Caminamos por la avenida acompañando a las mujeres de pañuelos blancos. En la multitud se respiraba emociones genuinas. Las de ausencias e incertidumbres. A pasos de la Plaza de Mayo se empezaron a ver los colores que esfumaban las bengalas. Las voces se elevaron en un mismo canto. Las banderas se unificaron. Más nombres flameando. De manera impensada, se generó un escenario donde las miradas de los vivos parecían abrazar las miradas de los muertos.
En ese momento no comprendía la magnitud de los hechos. Aunque en la biblioteca de casa me esperaba el libro Nunca Más; que para ese entonces solo había leído el prólogo, el que escribió Ernesto Sábato.

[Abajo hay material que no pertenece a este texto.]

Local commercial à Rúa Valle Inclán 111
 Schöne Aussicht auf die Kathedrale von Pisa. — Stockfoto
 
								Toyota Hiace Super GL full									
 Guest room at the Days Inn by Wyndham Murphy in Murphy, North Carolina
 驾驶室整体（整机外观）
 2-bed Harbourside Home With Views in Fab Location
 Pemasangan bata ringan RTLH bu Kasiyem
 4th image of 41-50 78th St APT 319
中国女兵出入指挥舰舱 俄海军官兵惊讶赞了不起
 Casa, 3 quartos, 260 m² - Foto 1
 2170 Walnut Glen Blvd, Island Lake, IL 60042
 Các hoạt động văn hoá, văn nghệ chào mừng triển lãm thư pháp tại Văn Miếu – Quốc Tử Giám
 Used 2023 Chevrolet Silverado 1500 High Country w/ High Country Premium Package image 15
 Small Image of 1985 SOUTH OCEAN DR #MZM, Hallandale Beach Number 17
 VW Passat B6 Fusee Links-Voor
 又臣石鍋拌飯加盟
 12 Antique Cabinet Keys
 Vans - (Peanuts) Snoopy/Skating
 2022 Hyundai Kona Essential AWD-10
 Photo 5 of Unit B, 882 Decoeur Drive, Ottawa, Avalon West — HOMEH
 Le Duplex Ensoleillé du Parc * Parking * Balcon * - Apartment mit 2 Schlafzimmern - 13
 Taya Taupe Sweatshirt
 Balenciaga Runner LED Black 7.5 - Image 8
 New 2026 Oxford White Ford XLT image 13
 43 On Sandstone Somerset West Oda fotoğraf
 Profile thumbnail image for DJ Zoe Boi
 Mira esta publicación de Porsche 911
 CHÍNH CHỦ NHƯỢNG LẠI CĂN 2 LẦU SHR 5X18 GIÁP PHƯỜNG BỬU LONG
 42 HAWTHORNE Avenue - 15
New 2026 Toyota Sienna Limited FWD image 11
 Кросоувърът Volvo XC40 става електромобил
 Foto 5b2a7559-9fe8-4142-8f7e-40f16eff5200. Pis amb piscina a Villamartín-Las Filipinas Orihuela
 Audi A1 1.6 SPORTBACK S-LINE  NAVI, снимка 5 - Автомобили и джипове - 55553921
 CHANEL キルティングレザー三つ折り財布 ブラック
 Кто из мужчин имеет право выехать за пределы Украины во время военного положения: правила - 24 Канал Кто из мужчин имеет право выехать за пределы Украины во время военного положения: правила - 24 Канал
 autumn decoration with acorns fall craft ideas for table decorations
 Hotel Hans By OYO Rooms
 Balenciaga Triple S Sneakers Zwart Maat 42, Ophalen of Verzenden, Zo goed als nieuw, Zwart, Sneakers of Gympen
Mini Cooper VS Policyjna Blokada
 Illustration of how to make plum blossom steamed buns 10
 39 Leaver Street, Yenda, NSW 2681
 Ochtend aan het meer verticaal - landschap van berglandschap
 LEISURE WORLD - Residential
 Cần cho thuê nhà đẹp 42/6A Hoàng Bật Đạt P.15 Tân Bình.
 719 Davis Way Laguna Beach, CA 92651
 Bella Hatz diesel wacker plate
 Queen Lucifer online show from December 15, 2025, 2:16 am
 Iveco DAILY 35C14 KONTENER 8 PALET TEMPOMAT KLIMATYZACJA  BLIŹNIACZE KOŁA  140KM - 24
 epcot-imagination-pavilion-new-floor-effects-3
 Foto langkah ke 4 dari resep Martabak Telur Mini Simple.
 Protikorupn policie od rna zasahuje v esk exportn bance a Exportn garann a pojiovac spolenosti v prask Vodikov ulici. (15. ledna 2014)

El pasado 22 de marzo en los mismos epicentros de la ciudad de Buenos Aires, se congregaron muchas personas en el Día Mundial del Agua. La inquietud no varía, ayer personas; hoy personas y recursos naturales.
Nada se olvida por más que hayan pasado 45 años. Las generaciones continúan entretejiéndose. Las calles todavía oyen aclamar la libertad de ser.-
(*) Periodista y escritora.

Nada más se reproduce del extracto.